**TASK DETAILS:**
Set out word for word the line that contains "Belstaff Trialmaster Waxed Jacket" and each line after it, through the end of the data below, but exclude the pictures.

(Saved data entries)
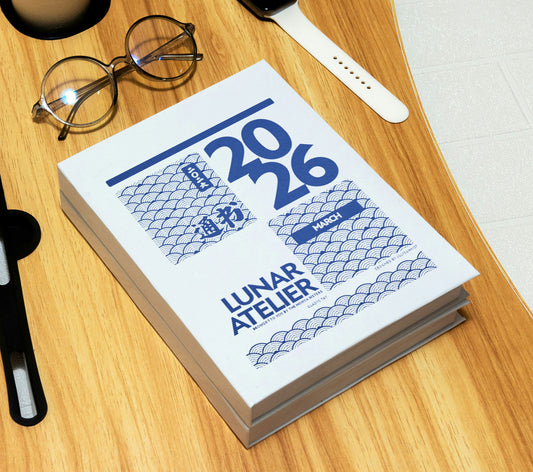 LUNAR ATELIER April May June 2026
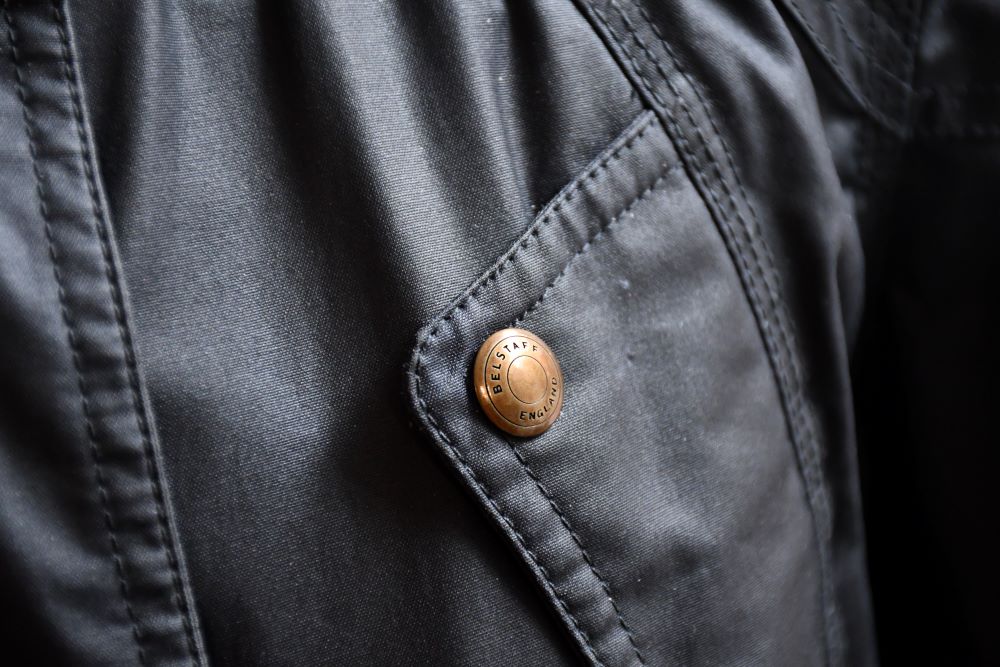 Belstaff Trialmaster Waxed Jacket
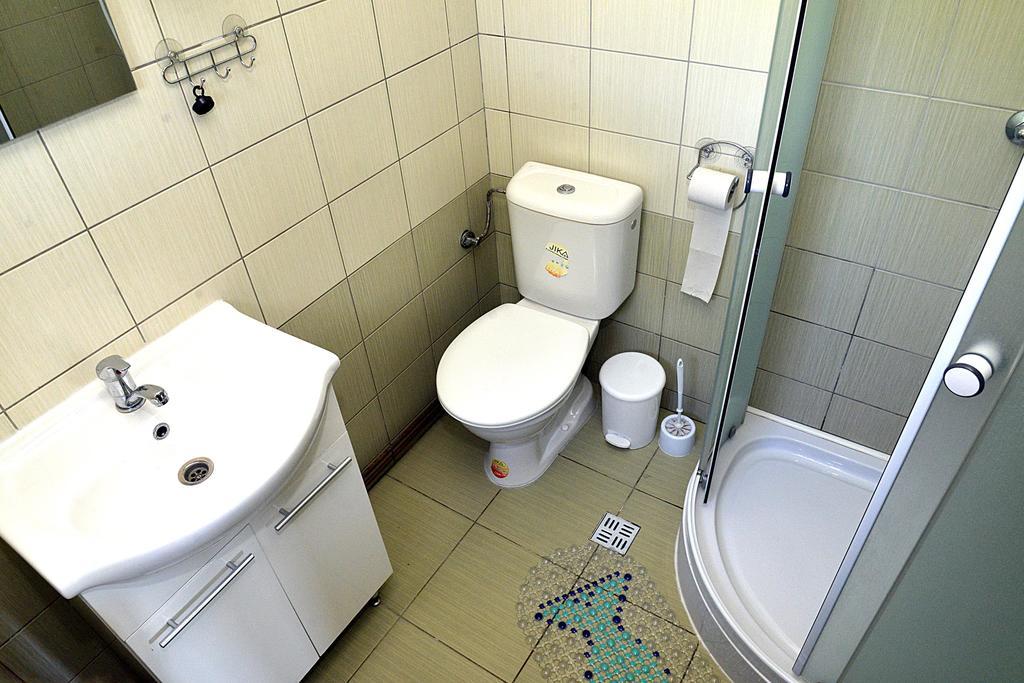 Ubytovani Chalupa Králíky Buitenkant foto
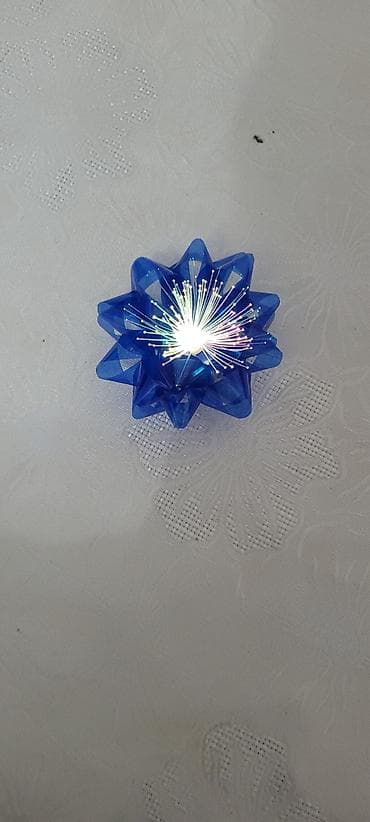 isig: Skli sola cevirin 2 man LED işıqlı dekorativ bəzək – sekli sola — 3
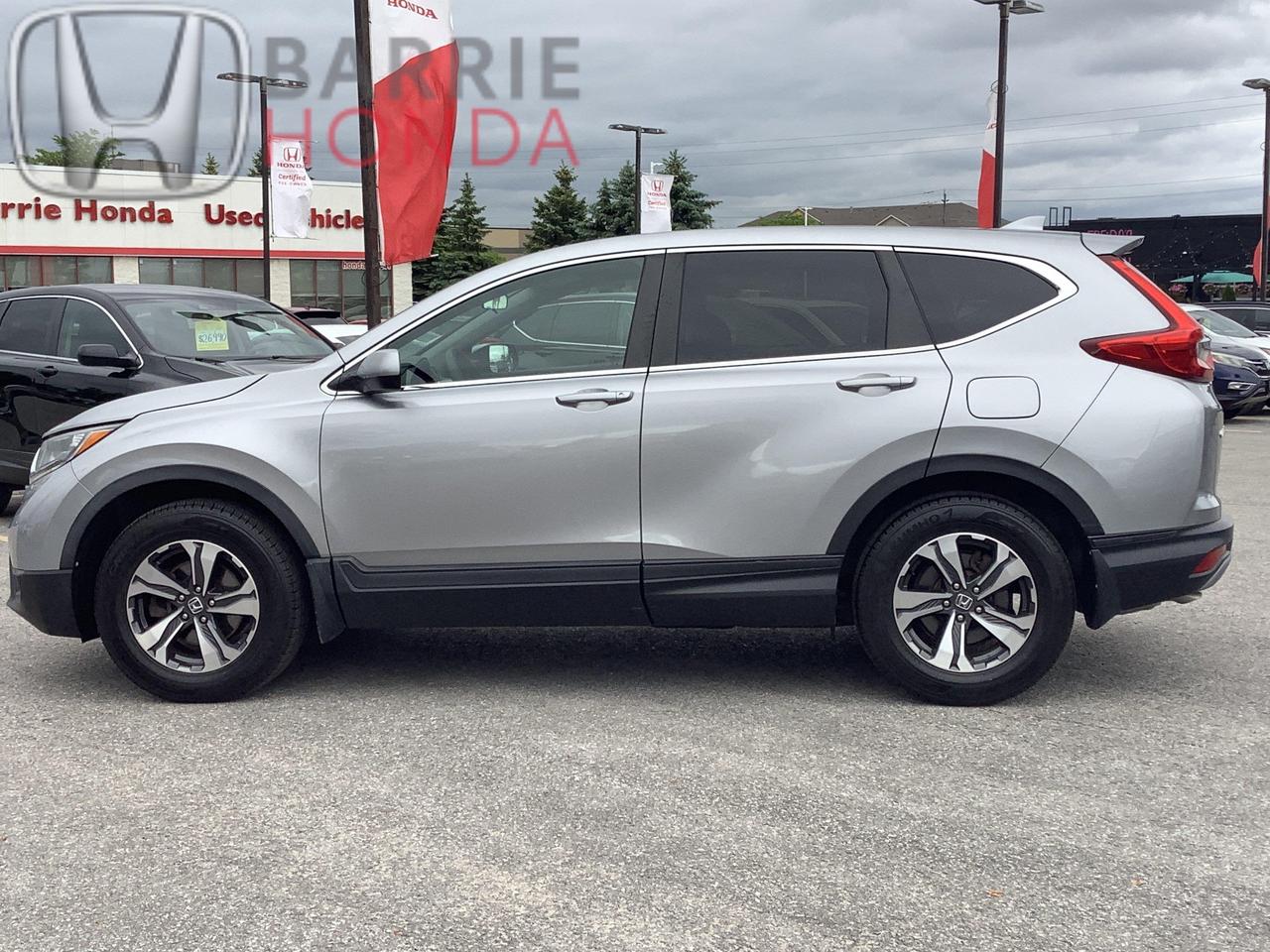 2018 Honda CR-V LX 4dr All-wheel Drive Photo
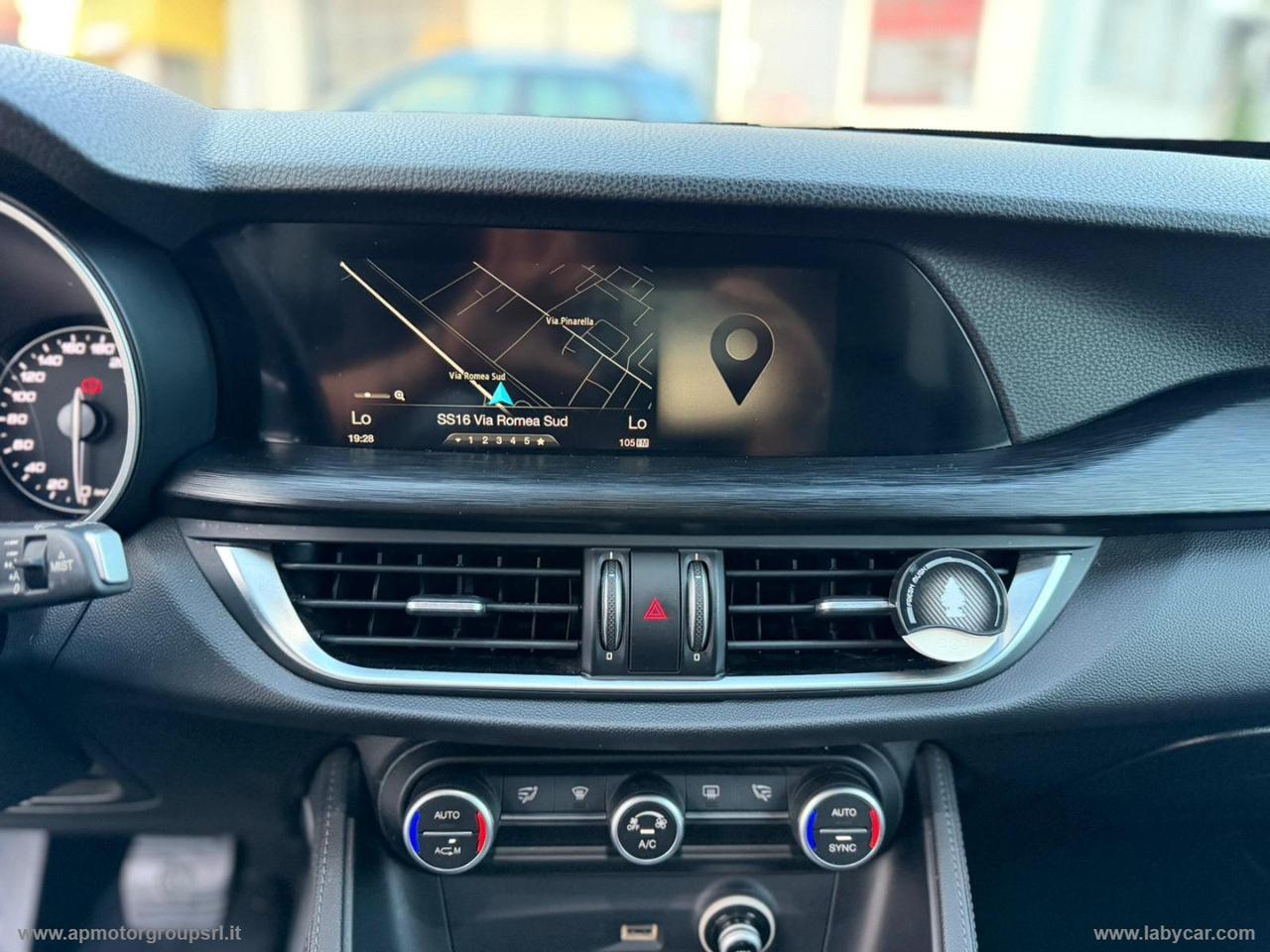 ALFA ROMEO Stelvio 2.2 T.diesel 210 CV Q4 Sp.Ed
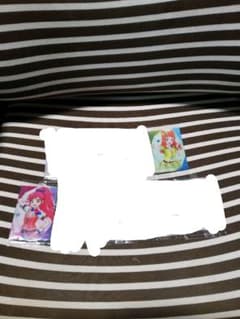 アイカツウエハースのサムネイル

**SOLUTION FOR THIS PROBLEM:**
 Belstaff Trialmaster Waxed Jacket
 Ubytovani Chalupa Králíky Buitenkant foto
 isig: Skli sola cevirin 2 man LED işıqlı dekorativ bəzək – sekli sola — 3
 2018 Honda CR-V LX 4dr All-wheel Drive Photo
 ALFA ROMEO Stelvio 2.2 T.diesel 210 CV Q4 Sp.Ed
 アイカツウエハースのサムネイル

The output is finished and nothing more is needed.